Sonnenschutz, Glas, Fenster und Fassaden: Was die Branche jetzt zur neuen BauPVO wissen muss

Am 30. Oktober 2025 fand das 17. Symposium zur EU-Bauproduktenverordnung des BMWSB statt, erstmals wieder im Presse- und Besucherzentrum des BPA mit erweiterten Präsenzkapazitäten. Die Hybrid-Veranstaltung bot umfassende Einblicke in die Neuerungen der BauPVO. Für die Sonnenschutz-, Glas-, Fenster-/Fassadenbranche standen der Digitale Produktpass, neue Bewertungsverfahren und wachsende Dokumentationspflichten besonders im Mittelpunkt.
Die Novelle der EU-Bauproduktenverordnung verändert den Rechtsrahmen für Sonnenschutz, Fenster, Türen, Fassaden und Glasprodukte grundlegend. Zwei Vorträge des Symposiums von Prof. Dr.-Ing. Winfried Heusler (ift Rosenheim) und Dipl.-Ing.

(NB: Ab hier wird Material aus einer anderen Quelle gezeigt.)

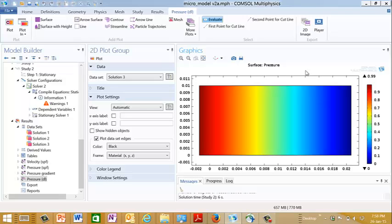It's used to average out the effects of this intricate pore structure so that we have the same flow over a representative region. This would be our representative volume right here.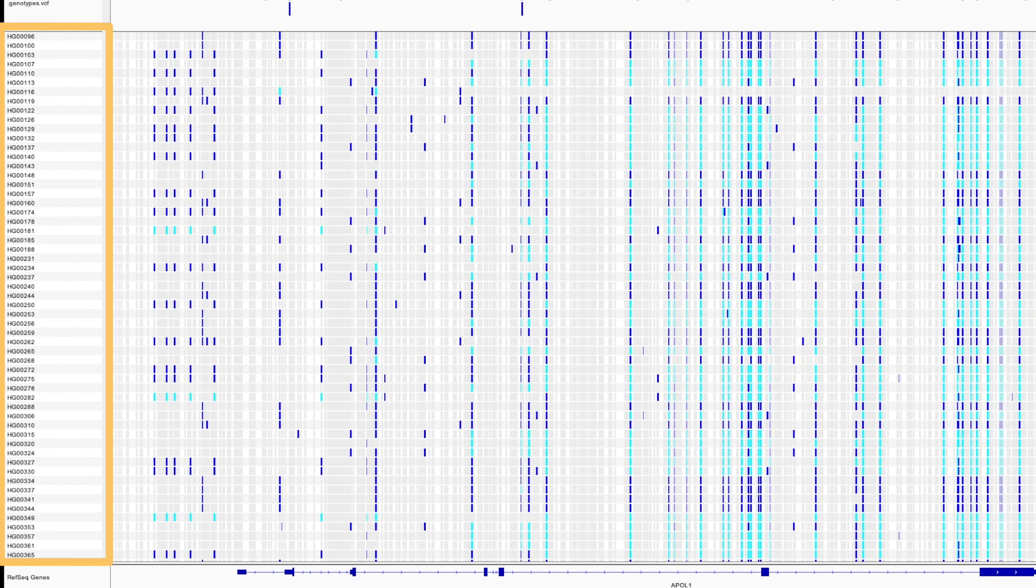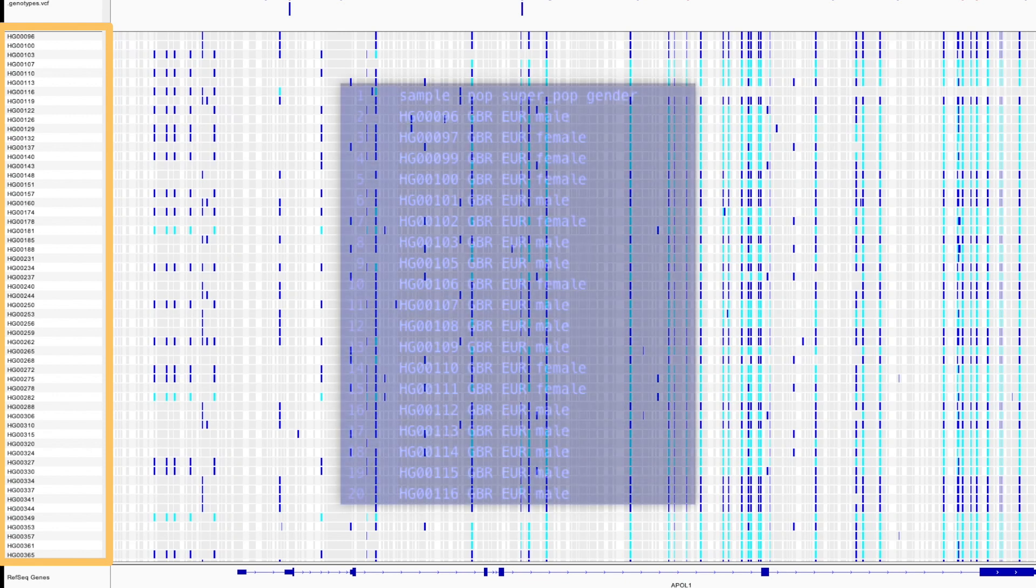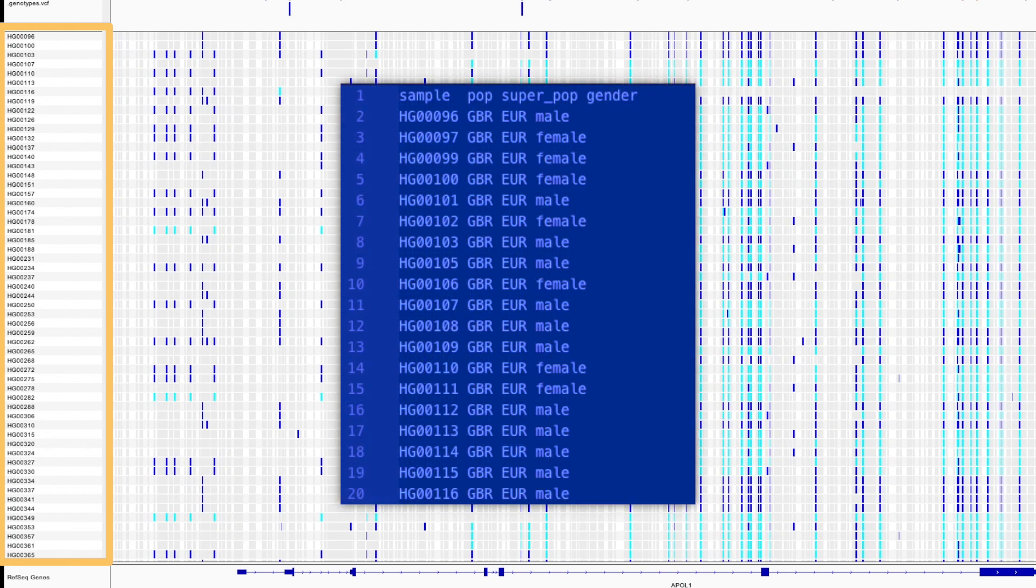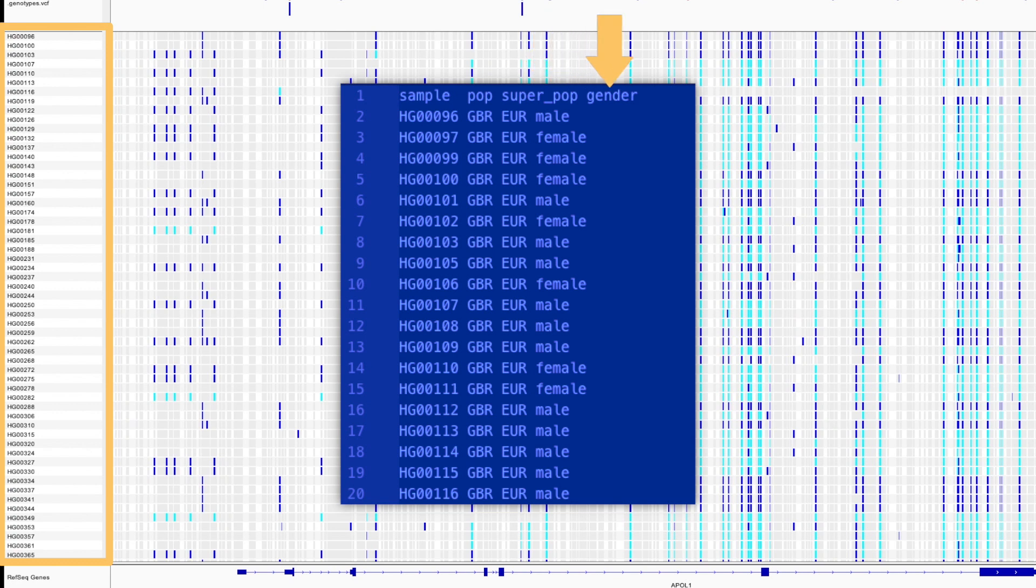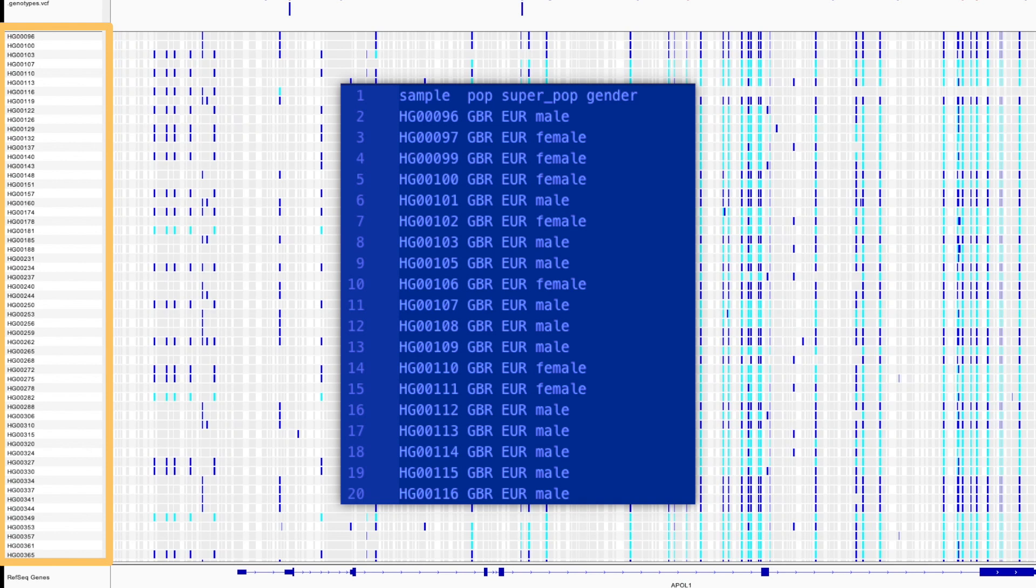Now as I mentioned before, these samples are from people all over the world. To tell us what sample is from where, I have a file which lists the population, superpopulation and gender of each sample. To find population-based patterns, I'm going to need to get this information into IGV. But how am I going to do that?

Martin Rücker (Ministerium Schleswig-Holstein) zeigen deutlich: Die neuen Anforderungen bringen Chancen, aber auch massive operative Herausforderungen für die Branche.
Digitaler Produktpass: Datenmengen und neue Anforderungen für Hersteller
Herzstück der Reform ist der Digitale Produktpass (DPP). Er soll künftig technische Leistungsmerkmale, Umweltwirkungen und relevante Stoffe jedes Bauprodukts digital abbilden. Bei einer starken Variantenvielfalt – etwa 712 Fenstertypen für ein Büroprojekt mit 6.606 Fenstern, wie Heusler anhand des Projekts QH Track Berlin zeigt – führt dies zu enormen Datenmengen und steigendem Aufwand für Hersteller.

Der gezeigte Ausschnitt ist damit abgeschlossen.